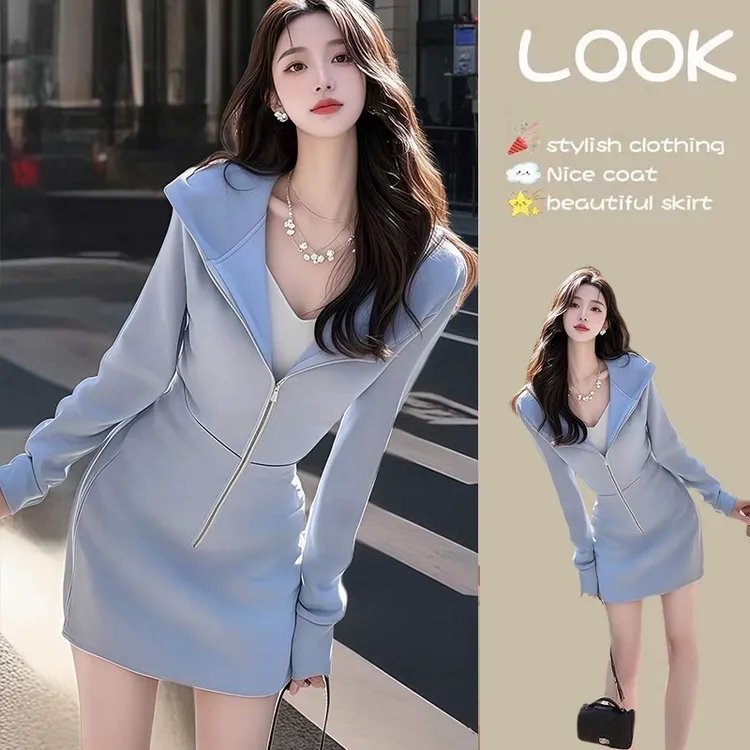 小个子爆款卫衣短款连衣裙2025年早春新款春季蓝色高级感裙子女装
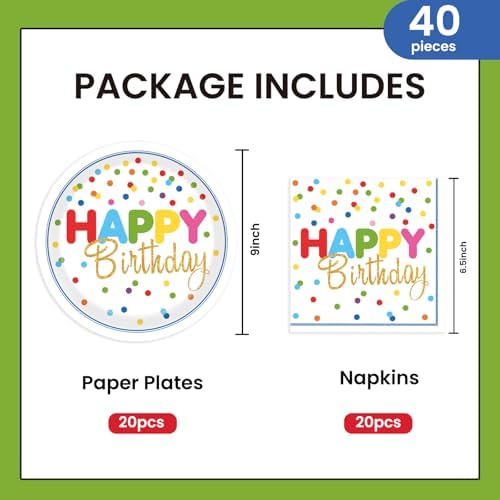 40Pcs Birthday Party Supplies Paper Plates Napkins Set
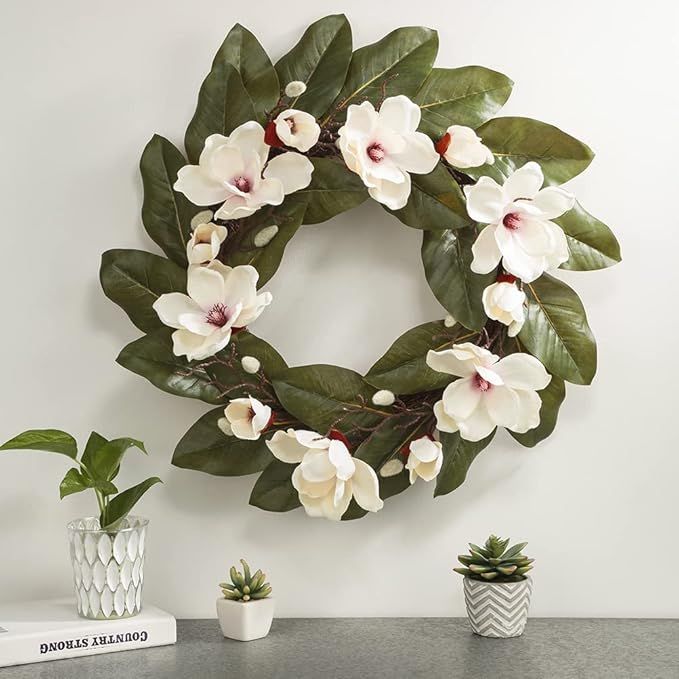 Glitzhome 24" D Artificial Magnolia Wreath, Spring Hanging Wreath for Front Door Wall Windows Dec... | Amazon (US)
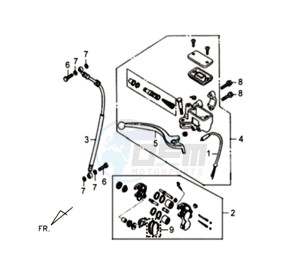 SYMPLY 50 drawing VOORBRAKE CALIPER / BRAKE LEVER /BRAKE LINES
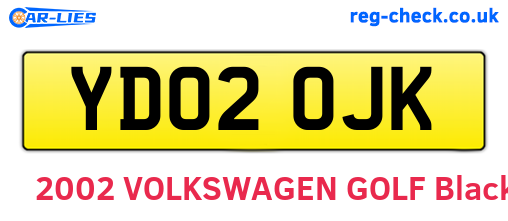 YD02OJK are the vehicle registration plates.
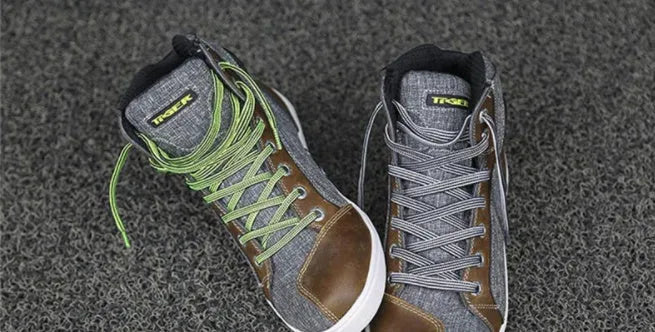 Men's black and grey casual short boots designed as motorcycle riding shoes with a non-slip sole.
#####
*Task to carry out:* Nothing but the records, repeated exactly and stripped of pictures, should appear in the answer.

*Result of the exercise:*
 小个子爆款卫衣短款连衣裙2025年早春新款春季蓝色高级感裙子女装
 40Pcs Birthday Party Supplies Paper Plates Napkins Set
 Glitzhome 24" D Artificial Magnolia Wreath, Spring Hanging Wreath for Front Door Wall Windows Dec... | Amazon (US)
 SYMPLY 50 drawing VOORBRAKE CALIPER / BRAKE LEVER /BRAKE LINES
 YD02OJK are the vehicle registration plates.
 Men's black and grey casual short boots designed as motorcycle riding shoes with a non-slip sole.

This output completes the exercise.